Melihat banyaknya poin-poin yang dinilai masyarakat kontroversial, DPR berencana membuka komunikasi dengan sejumlah elemen masyarakat untuk membahas hal tersebut. Khususnya, para mahasiswa yang melakukan aksi tolak RKUHP beberapa waktu lalu.
"Ke depan ada diskusi dengan beberapa universitas terhadap 14 item yang menjadi berdebatan kan begitu. Iya, supaya kita terbuka apa substansinya yang masih tersisa kita lakukan pembahasan itu," ujar Aziz.

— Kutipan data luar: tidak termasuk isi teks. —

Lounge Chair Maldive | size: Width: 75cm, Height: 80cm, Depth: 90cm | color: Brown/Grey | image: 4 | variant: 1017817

Ia berharap, dengan adanya diskusi tersebut semua pihak dapat menerima RKUHP. Apalagi, KUHP yang sekarang masih merupakan produk kolonial yang sudah 53 tahun tidak berubah dan tidak sesuai dengan situasi saat ini.
"Dengan sosialisasi kepada masyarakat kepada kaum intelektual kita lihat apa kondisi-kondisi yang bisa kita lakukan untuk perbaikan hukum nasional kita yang sudah cukup lama menggunakan peninggalan kolonial Belanda itu," ujar Aziz.

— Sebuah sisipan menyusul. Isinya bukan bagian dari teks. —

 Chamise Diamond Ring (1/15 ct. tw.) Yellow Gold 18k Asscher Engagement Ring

Sementara itu, Ketua Badan Legislasi (Baleg) DPR Supratman Andi Agtas mengatakan pihaknya akan membahas bersama pemerintah terkait rancangan undang-undang (RUU) mana saja yang akan ditindaklanjuti. Hal itu berkaitan dengan substansi pembahasan serta urgensi RUU. Supratman memastikan RKUHP akan menjadi salah satunya.
"Saya bisa pastikan hari ini bahwa RUU tentang KUHP itu pasti akan di-carry over. Nah, soal nanti pembahasan materinya mana yang kemarin mendapat penolakan nanti tetap, karena kalau RKUHP udah pasti di III yang bahas, di Komisi III," ujar Supratman.